Alleged 1/6 failed-coup participant Mark Sahady has asked a judge in Washington to free him from limitations set by a judge in Massachusetts that prohibit him from going near the State House - which he frets might even prevent him from riding the Red Line, which runs in a tunnel under the State House grounds.
After his arrest in January at the Malden home he shares with his mother, a federal judge in Boston ordered Sahady to stay away from the seat of Massachusetts government. Sahady's case was soon transferred to Washington federal court, where another judge issued a new set of pre-trial limits that included ordering him to stay out of Washington, except for court appearances, but which said nothing about the Massachusetts State House.
In a motion filed earlier this week, Sahady's current lawyer asked the DC judge to specifically state that the Boston restrictions are no longer in place and that Sahady is no longer barred from any location in Massachusetts, including the State House, both because the Boston order potentially conflicts with the DC order and because some of its conditions are "unnecessary, unenforceable and inappropriate."
For example, how does one "stay away" from the Massachusetts State House?
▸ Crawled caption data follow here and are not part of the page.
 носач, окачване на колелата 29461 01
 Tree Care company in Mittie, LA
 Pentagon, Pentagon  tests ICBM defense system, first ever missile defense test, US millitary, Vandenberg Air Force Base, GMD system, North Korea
Boston's subway, the "T," traverses the substrata beneath the State House. Would Defendant violate the order by taking that line of the T? The State House is adjacent to the Boston Commons - home to aggressive geese and frequented by city residents and visitors alike. Did the Massachusetts court intend to bar Defendant from this popular and storied public space?
The motion does not note that while the Red Line passes under the State House grounds, it does not stop there. Also, the geese are in the Public Garden, not on the Common, which you would think Sahady might know because he had previously helped organize demonstrations on the Common and on Beacon Street, which separates the Common from the State House.
In addition to the State House restriction, Sahady's lawyer asked the DC judge to toss another restriction originally set in Boston barring Sahady from organizing or attending any political rallies or demonstrations, as a violation of his First-Amendment rights.